A partir disso o foco não é mais do caso de estupro ou os pormenores antes citados, tomando uma abordagem ética da situação. Afinal, é melhor ter ética e perder aquilo que tanto se lutou para ter ou simplesmente desviar-se um pouco da questão filosófica e adentrar nos objetivos?
Mungiu faz parte de uma geração romena de cineastas que não cansa (ou talvez até já canse, mas que não parem mais!) de surpreender o mundo cinéfilo, seus conflitos são sempre banais, mas sempre novos e sempre de grandes proporções. Tanto que é difícil sair de um filme seu sem ter a mínima consciência de que se presenciou algo extremamente marcante, no mínimo incômodo. E eu particularmente adoro aquele cinema que incomoda, que provoca.

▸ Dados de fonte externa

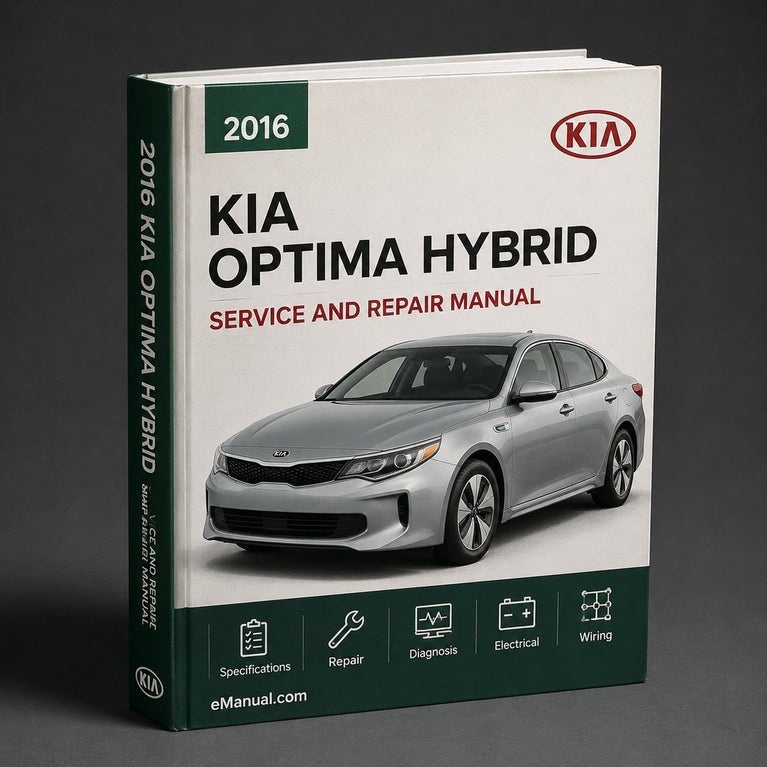 Kia Optima 2016 Hybrid Workshop Repair Service Manual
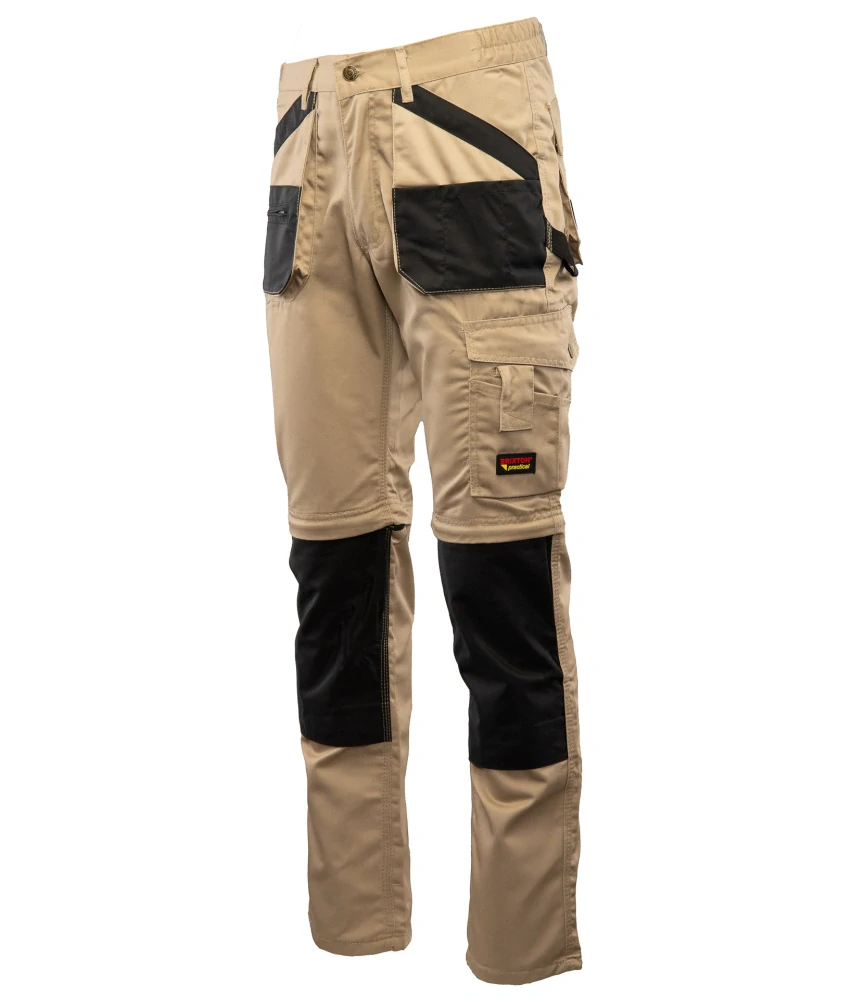 Polstar Brixton PRACTICAL multifunkčné nohavice 2V1 béžové 48-62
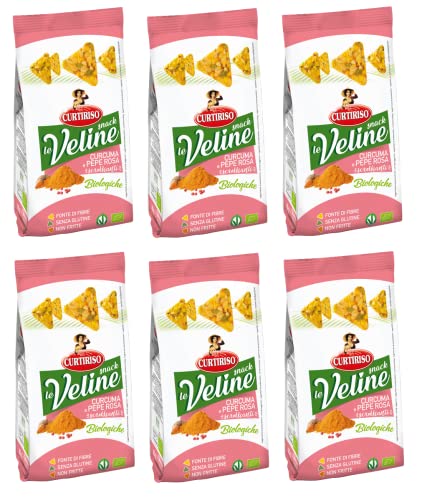 6x Curtiriso Le Veline Snack Curcuma e Pepe Rosa Scrokkinati Biologico BIO-Snack mit Kurkuma und Rosa Pfeffer 80g 6x Curtiriso Le Veline Snack Curcuma e Pepe Rosa Scrokkinati Biologico BIO-Snack mit Kurkuma und Rosa Pfeffer 80g von Italian Gourmet E.R.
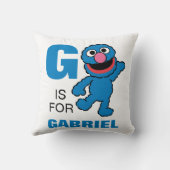 Gはグローバーの |名前の追加 クッション (裏面)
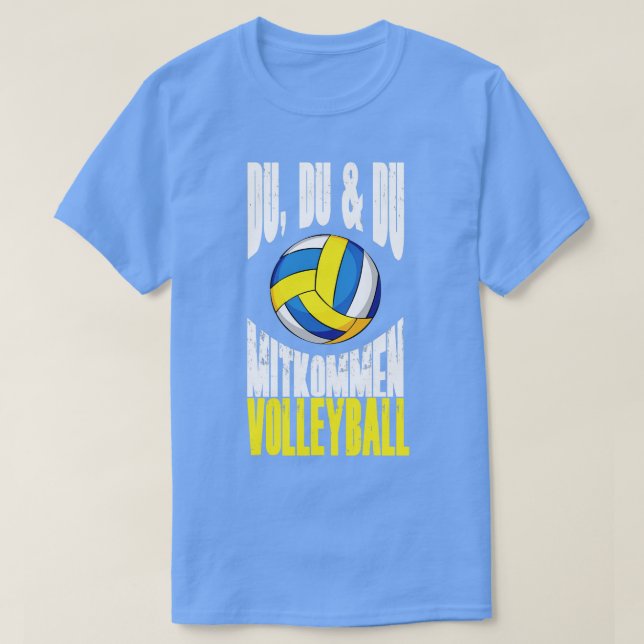 Volleyball för Fläkt-bussar Player Gift 3 T Shirt (Design framsida)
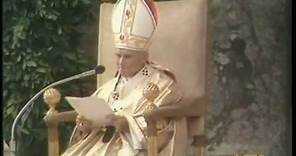 Papa Giovanni Paolo II - Karol Wojtyla - Discorso - Non abbiate paura...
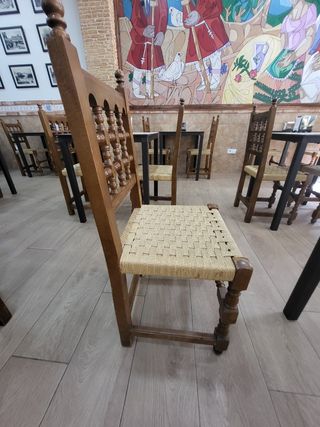 Sillas rústicas de madera - 14 unidades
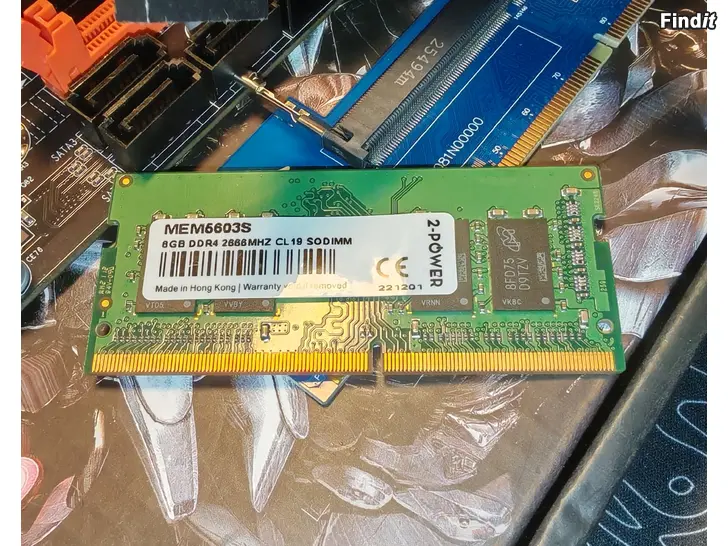 Myydään 8GB DDR4 2666 SO-DIMM RAM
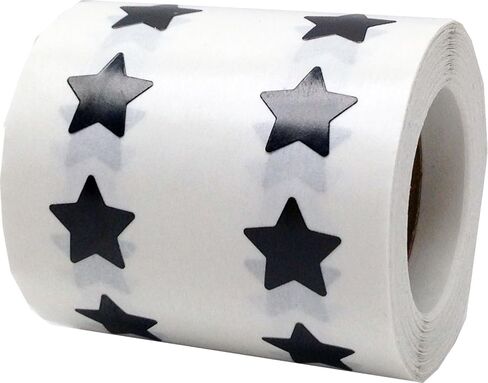 White Star Shape Stickers 0.50 Inch 1,000 Adhesive Labels in Saudi Arabia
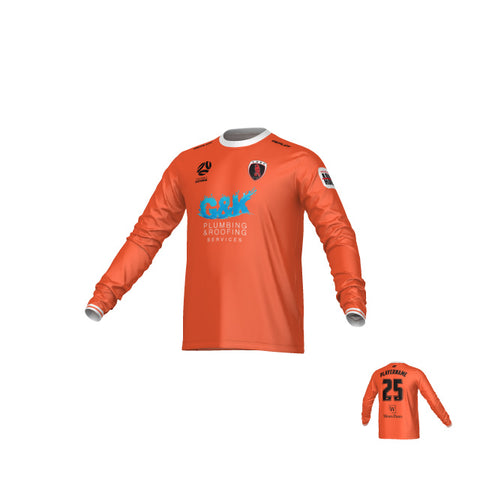 LA TROBE UNIVERSITY SOCCER CLUB - JUNIOR BOYS U9 ONLY - GOALKEEPER LONG SLEEVE JERSEY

Marius que sempre fora a estrutura do filme (e também daquela família) ganha uma proporção dramática muito maior no final. E isso é gozado, porque apesar de ser sempre presente, o seu protagonismo só chega muito depois, e talvez seja o momento em que mais incomoda no filme. Marius (Rares Andrici) parece nunca agradar ninguém, embora lute por todos as suas conquistas nunca atingem o que ele deseja atingir - todos vão ficando em uma posição cada vez mais confortável e o cidadão termina sem casa e cuidando do filho da namorada. E é perceptível (na visão do diretor e também na minha) que seus objetivos sempre foram os melhores para todos, nunca para si, é uma alma desgastada que está sempre lutando para os outros e sendo amordaçados por esses outros. E isso fica para além do certo x errado, porque é quando o espectador do filme se dá conta de que Marius merecia um pouco mais, e o mais interessante é que ele sequer fica brabo, não há uma parte do filme em que ele grite com alguém, e quando se desanima na frente de sua ex-esposa, acaba pedindo um envergonhado "desculpe-me".

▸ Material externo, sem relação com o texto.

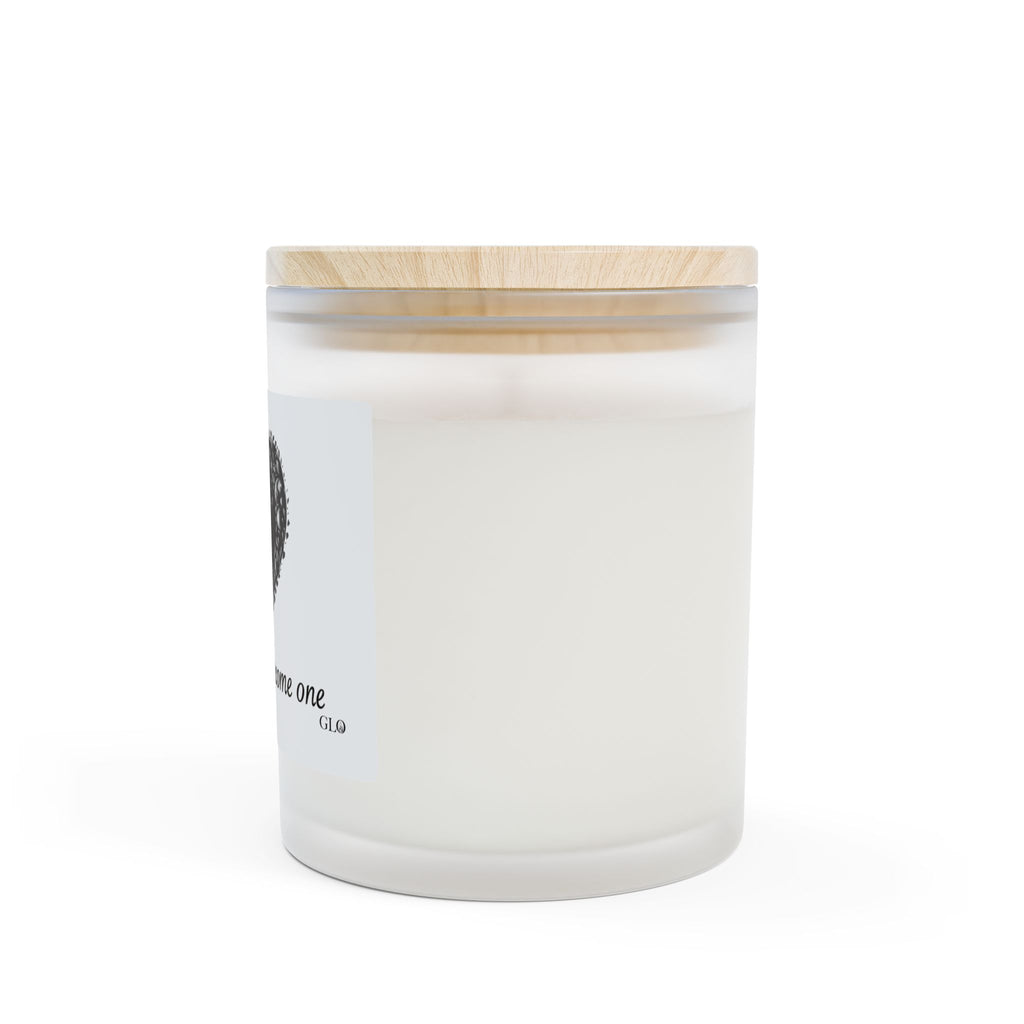 Frosted Glass Candle | "Two Hearts Become One" | 11oz
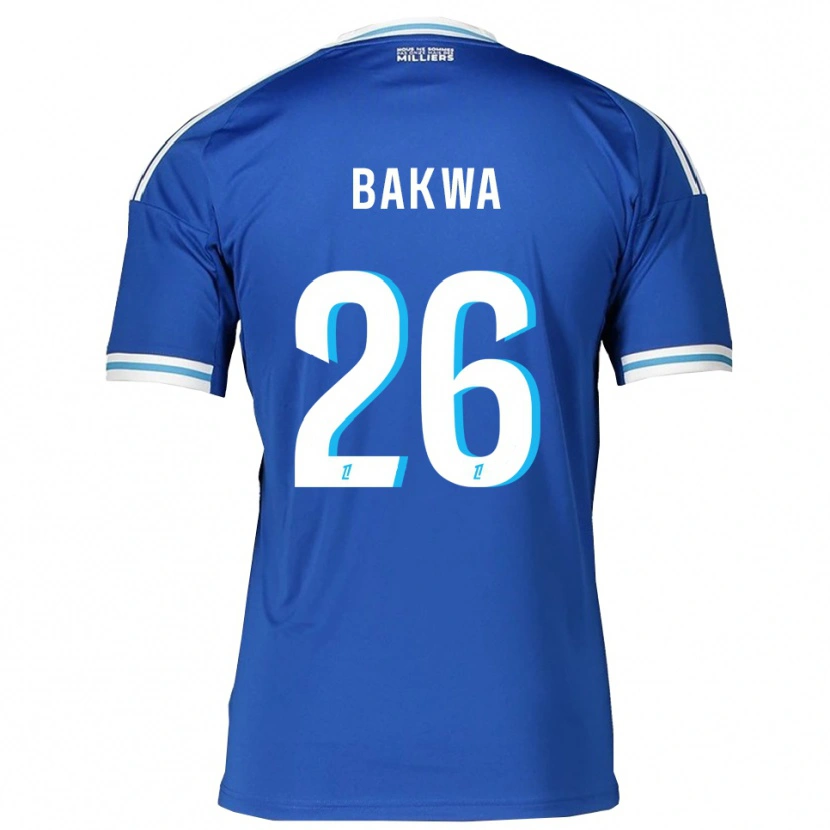Danxen Kobiety Dilane Bakwa #26 Niebiesko-Biały Domowa Koszulka 2025/26 Koszulki Klubowe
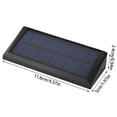 thumbnail image 4 of Solar Wall Light Outdoor Waterproof Wireless Step Light – Dusk-to-Dawn Activated LED Wall Fixture for Courtyard, Deck, Fence, Balcony, Garden, Patio, Backyard, Yard, Home Improvement, Wall Railing, 4 of 7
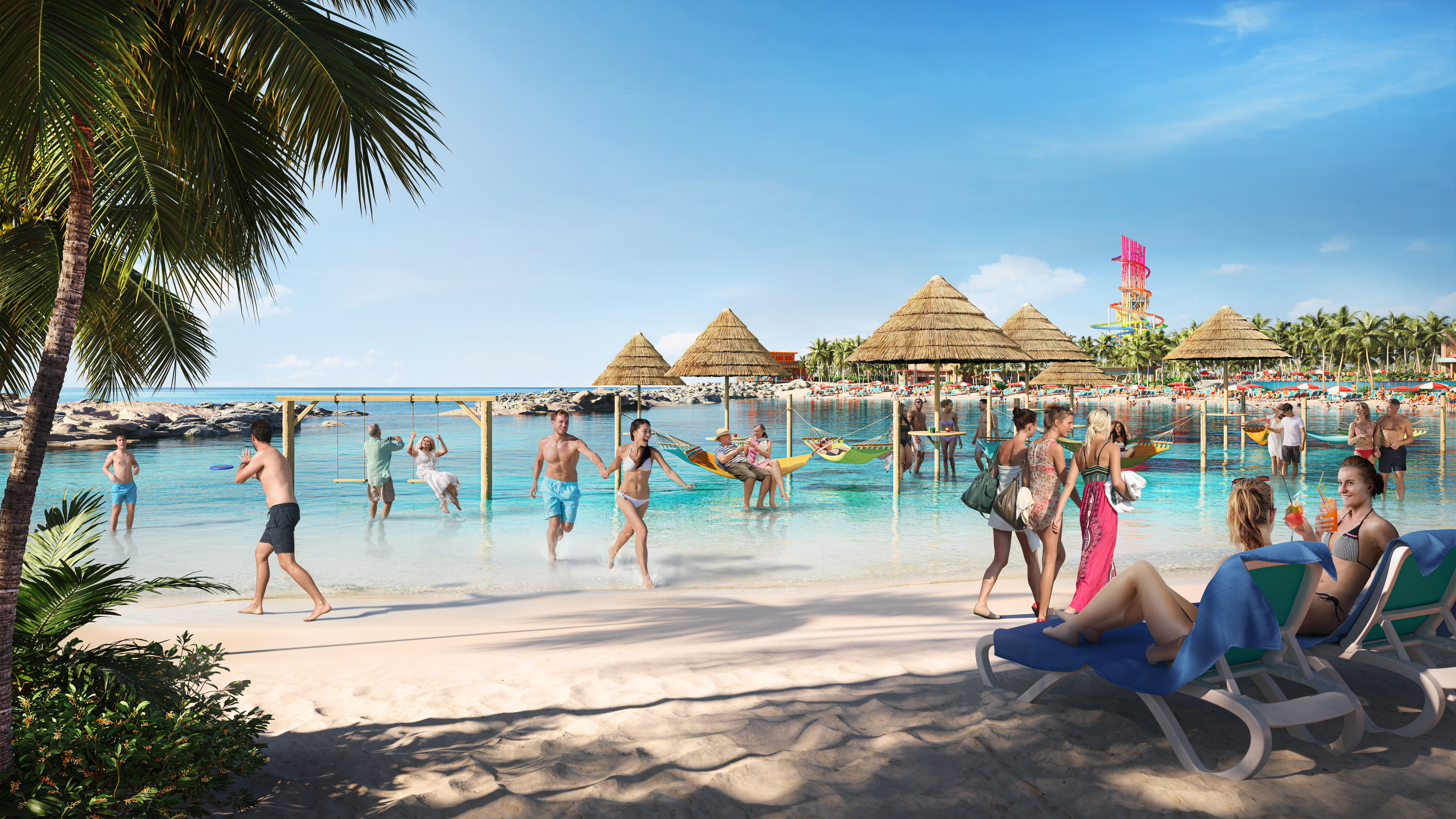 ROYAL CARIBBEAN REVEALS HIDEAWAY BEACH, THE FIRST ADULTS-ONLY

Com sua câmera paciente (percebam como não demora muito para entendermos que a Romênia se trata de belas casas antigas caindo aos pedaços, demonstrando a decadência pós-comunista em que o país encontra-se), com seus diálogos amplos e longos, com seus enredos cada vez mais interessantes e com uma forma ímpar de contá-las, é que este romeno está conquistando cada vez mais espaço no cinema mundial, porque sempre haverá muito a dizer sobre os males do ser humano.